Cognitive Capabilities

An ecumenical approach to learning can be best defined by the improvement of individual and collective handling of data (facts), information (categories) and knowledge (concepts); hence the three pillars:

  • Naming relevant objects and phenomena in environments
  • Developing mental representations of environments, values and objectives
  • Developing shared symbolic representations

and the corresponding cross function:

  • Communication (facts/concepts): Exchange of meaningful signs or symbols between living organisms (plants included) and machines.
  • Classification (facts/categories): Grouping of identified objects and phenomena according to shared features
  • Reasoning (concepts/categories): Truth-preserving processing of mental and/or symbolic representations.

Learning Configurations

Assuming that learning is pushing the edges of knowledge, six configurations can be defined:

Intrinsic improvements are obtained through a more effective use of resources:

  • Practical knowledge: from actions and observations
  • Shared knowledge: from a better management of shared symbolic representations
  • Personal knowledge: from individual studying

Cross improvements are obtained through synergies:

  • Theory: alignment of concepts and categories
  • Practice: applying categories to facts, and honing both
  • Collaboration: direct exchanges of ideas and modus operandi

Learning capabilities can also be leveraged across individual and collective levels.

Learning Primitives

Learning operates through four basic mechanisms:

  • Observation of facts carried out by people and/or machines
  • Experience, a mix of observation and action carried out by people and/or machines
  • Reasoning about facts, categories, and concepts, carried out by people and/or machines
  • Judgment about facts, categories, and concepts, carried out only by people

The weaving of individual and collective learning would be achieved with the former operating clockwise and the latter counter-clockwise.

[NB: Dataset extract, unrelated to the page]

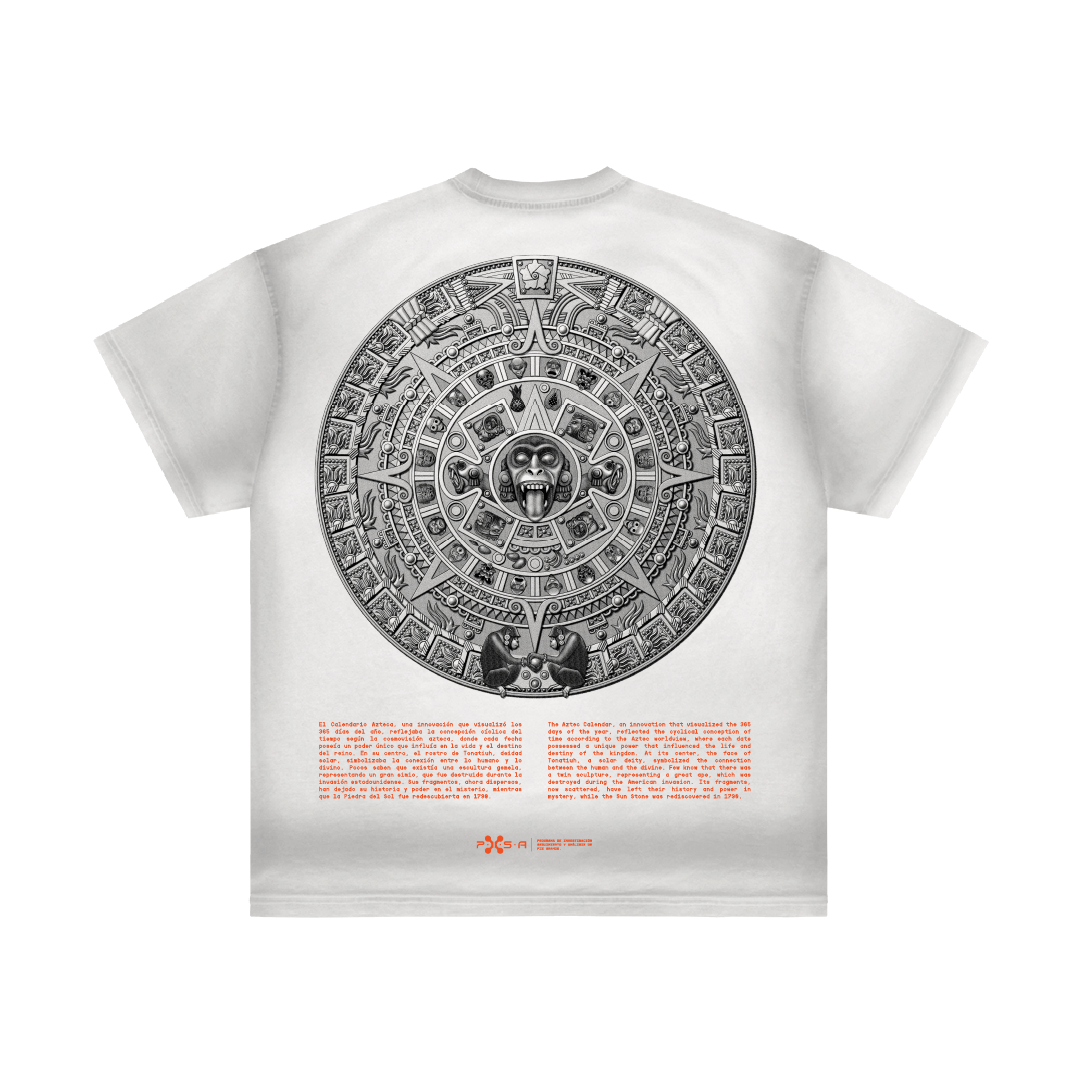 The Calendario Pie Azteca T-shirt features a striking black and gray Aztec Calendar design on the back, emanating ancient power. Below this detailed artwork, you'll find a block of text in vibrant orange. This unique piece is brought to you by Machina - Wearable Technology.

Implicit & Explicit Knowledge

For organizations, learning raises a two-pronged challenge as it must bridge the gaps between individual and collective knowledge on the one hand, between people and systems agency on the other hand. That conundrum can be sorted out by expressing learning in terms of symbolic and non-symbolic knowledge:

  • Symbolic knowledge is explicit, represented by models and/or knowledge graphs
  • Non-symbolic knowledge is implicit, embodied in individual know-how, collaboration routines, and neural networks

Assuming that symbolic knowledge can be implemented through systems, the objective could be to use languages to process implicit contents into explicit knowledge, typically:

  • Natural languages, for learning through conversations
  • Empiric languages, which apply statistics and machine learning to actual observations in order to build descriptive and/or predictive models of environments
  • Generative languages, which do the same to textual realms in order to build semantic networks
Learning pathways through systems (right) and organization (left)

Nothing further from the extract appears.